The path itself was a predator, constricting like a slow, inevitable breath. It grew smaller and smaller, a visceral metaphor for time running out. They ran for their lives, hearts hammering against ribs, the air burning in their lungs. This liminal space, caught between reality and the pages of their novel, mocked their strength. Their spiritual powers flickered, unreliable and weak, like a radio signal through a storm.

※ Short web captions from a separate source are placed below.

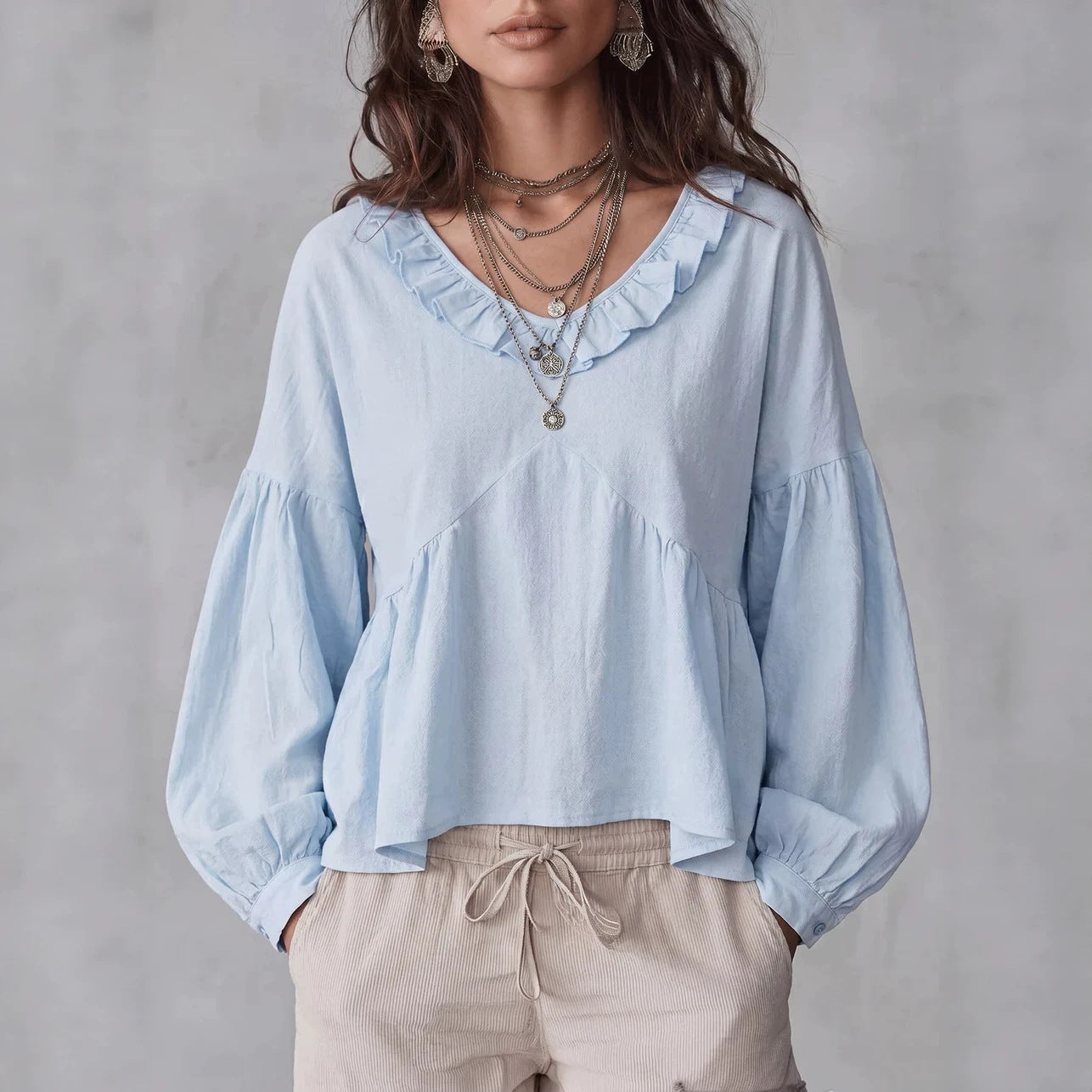 Vintage Bluse mit V-Ausschnitt und Spitze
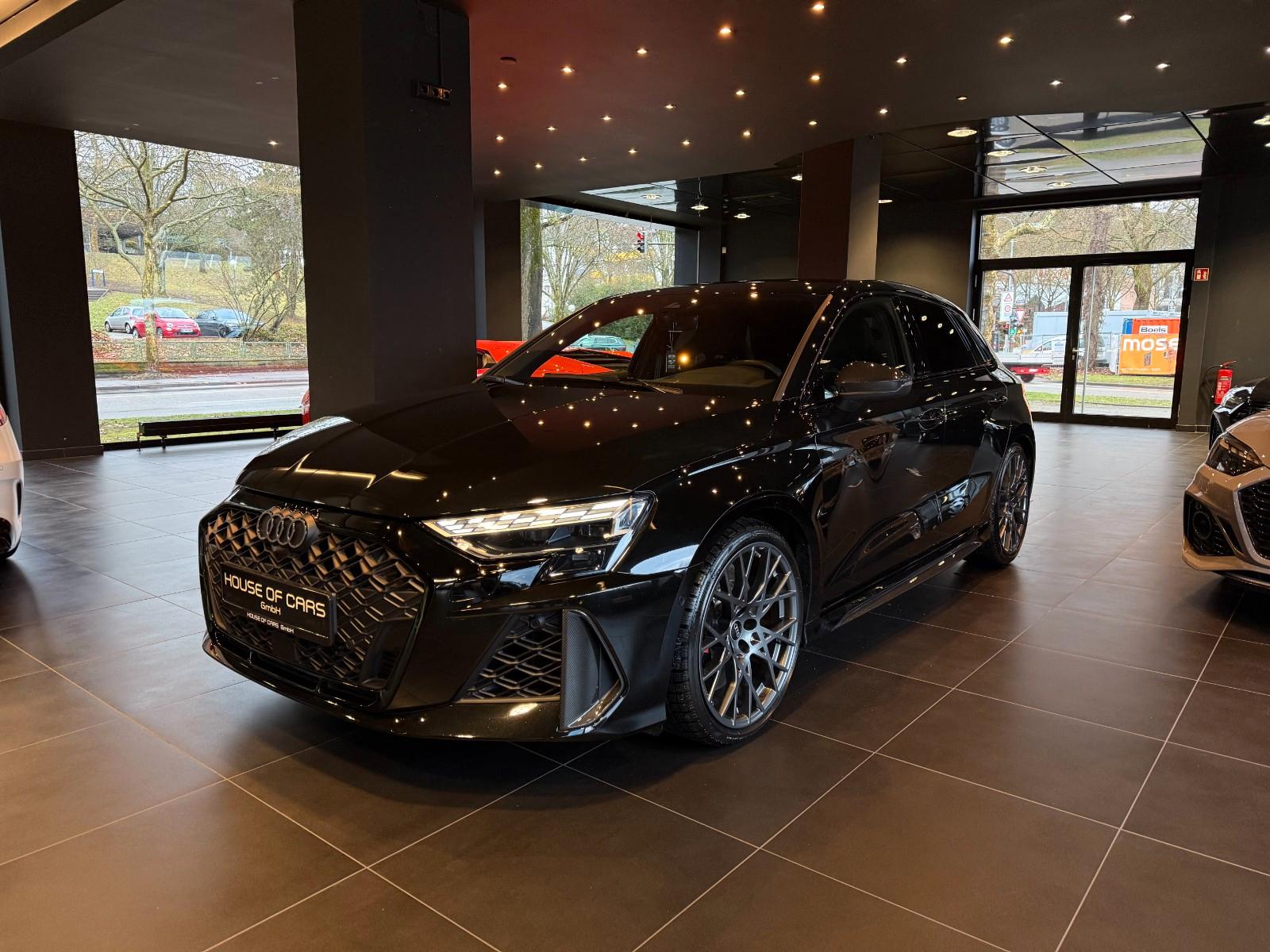 Audi RS3 Sportback 2.5TFSIquattro*Carbon*Sonos*Schale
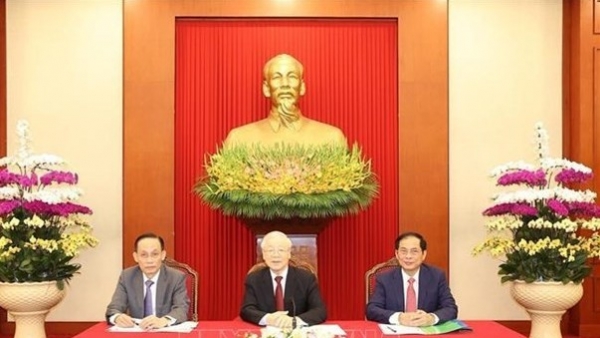 General Secretary Nguyen Phu Trong holds phone talks with French President Emmanuel Macron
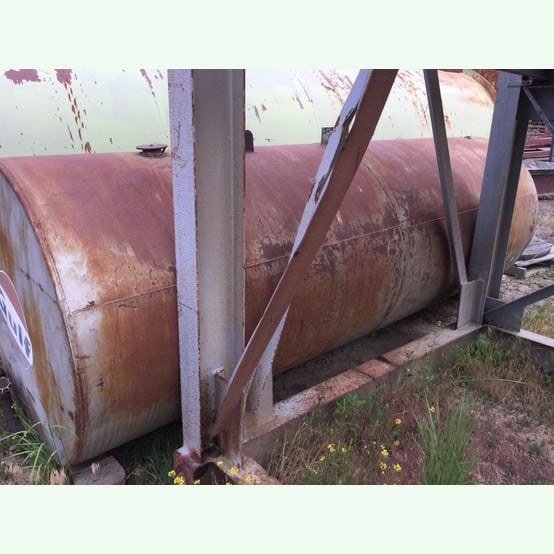 1000 gallon steel tank, 4' diameter x 12' long, gate valve on bottom - Image 3
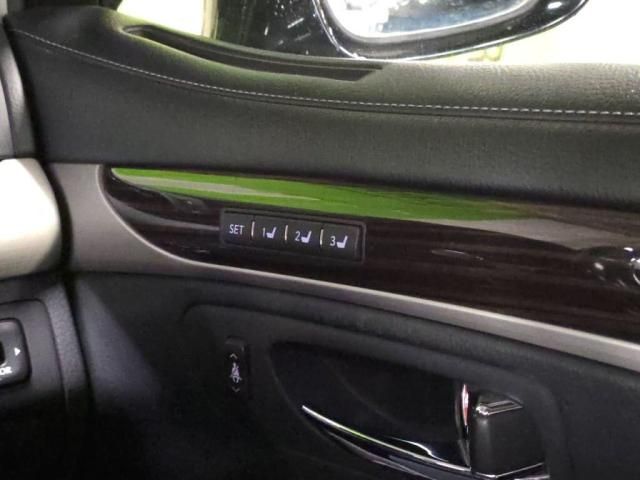 TOYOTA LEXUS LS460 2016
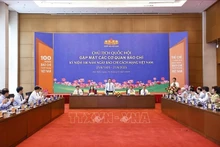 越南国会主席陈青敏在国会大厦会见新闻媒体机构代表。（图片来源：越通社）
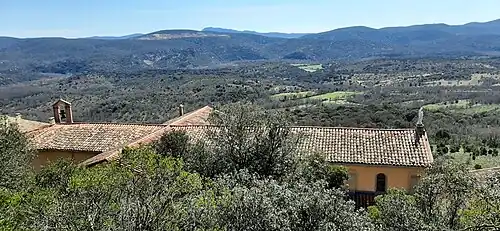 Toiture du sanctuaire et paysage.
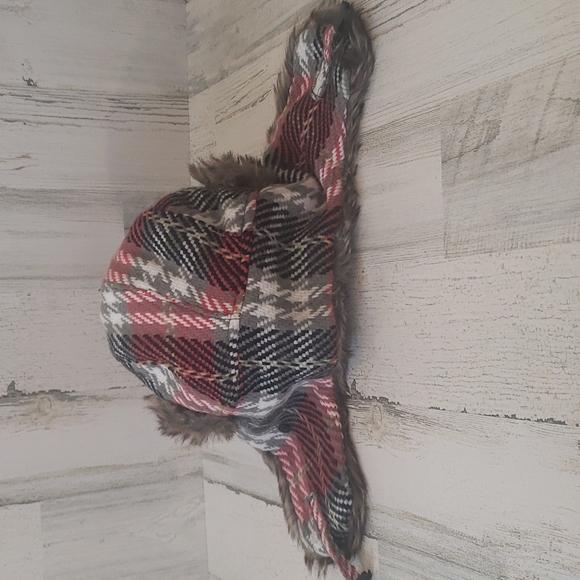 Faux fur tweed plaid trapper hat quilt lined inside, red gray black white green - Picture 3 of 5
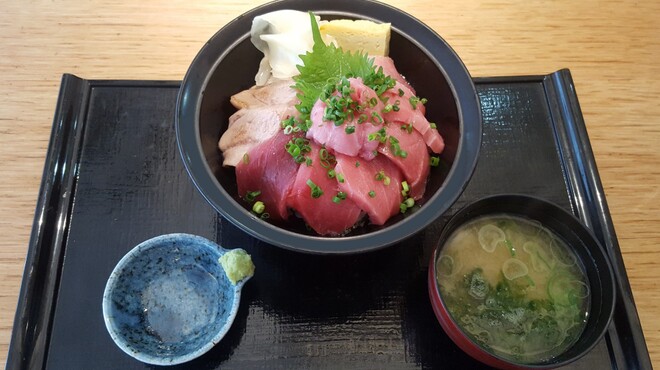 東京米バル竹若 - 料理写真:厳選まぐろ使用のまぐろ丼。是非お召し上がりください！
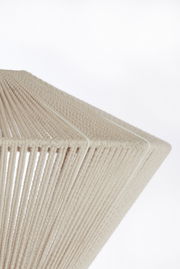 Nahaufnahme einer Hängeleuchte mit einem strukturierten, gewebten Design aus beigem Material, von unten betrachtet.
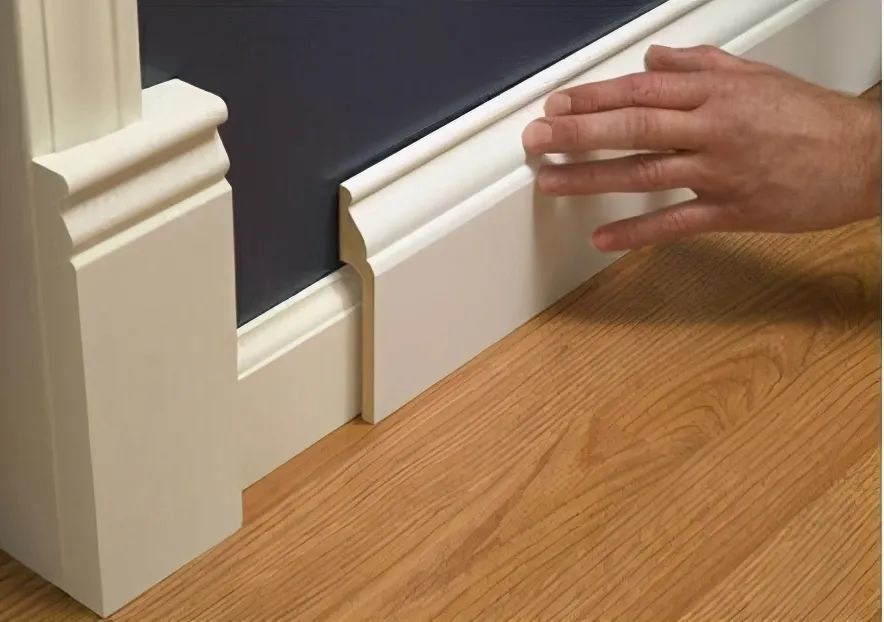 踢脚线真的太丑了?又不能不装,如今流行这样暗贴,外观也好看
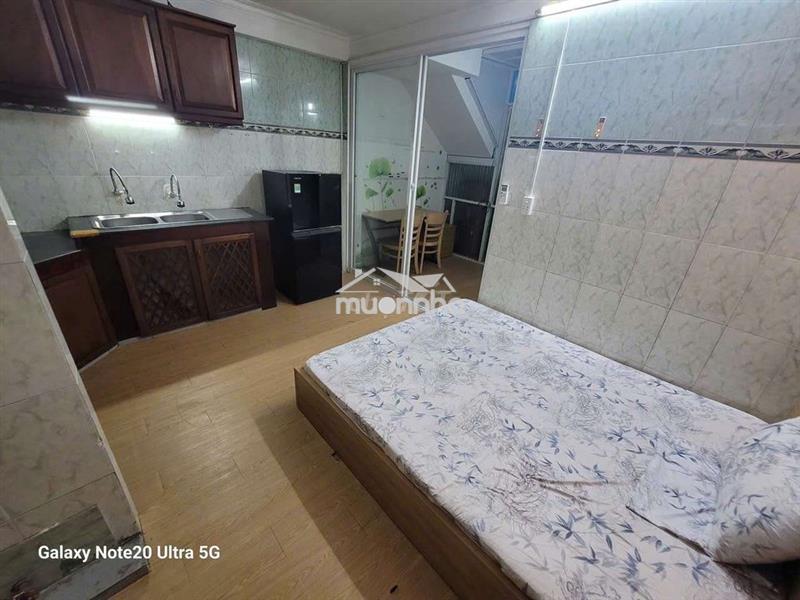 Phòng 24m2, khu vực vip, full nội thất, tự do, ko chung chủ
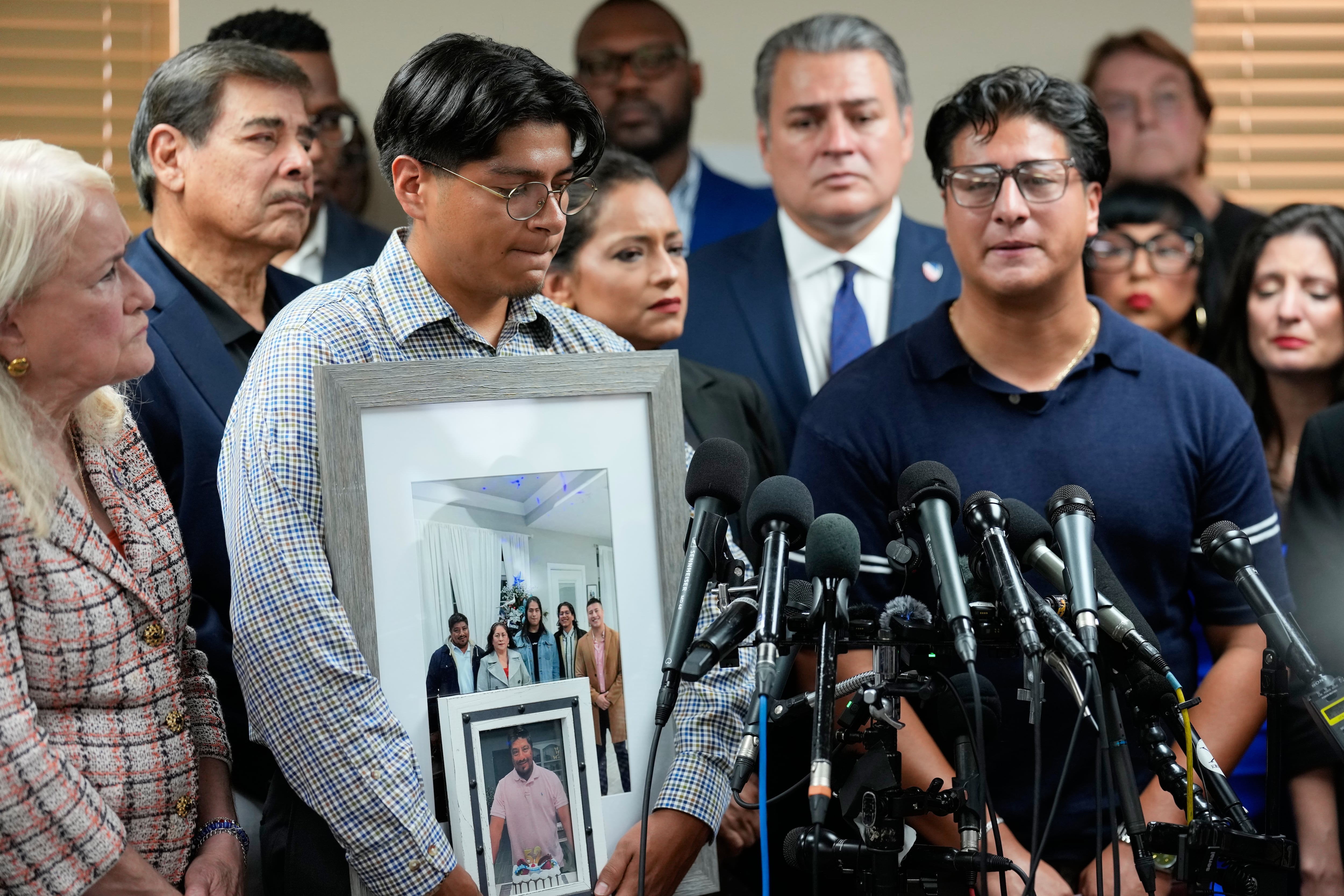 “No les creemos”: la familia reclama una investigación independiente de la muerte del mexicano Lorenzo Salgado a manos del ICE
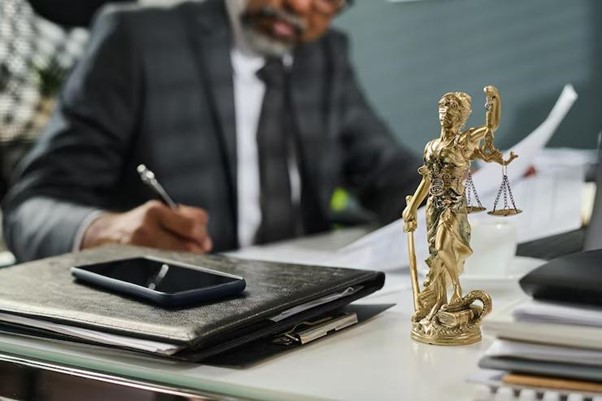 Como um advogado previdenciário pode ajudar na aposentadoria por idade mínima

On the left path, Suji ran, his grip on Kansai's arm iron-tight. Kansai had stumbled, his ankle protesting, and the crushing wall was a breath behind them. Just as despair threatened to crest, Suji saw lights ahead—not from the exit, but converging on them. A lotus-green glow and a sharp yellow gem-light came from one branching tunnel; a steady, piercing gold approached from another. They weren't guiding lights; they felt like a trap, corralling them.
"What are those?!" Kansai hissed through gritted teeth, panic and pain warring in his expression.
Suji blinked, his mind catching up to his eyes. They weren't cursed lights—they were people. Sozai, Yurei, and Kyoren spilled into the junction from the right, panting and wide-eyed. A moment later, Língxiāo emerged in a streak of golden light, his movement so fluid and purposeful he seemed to carve a path through the very darkness.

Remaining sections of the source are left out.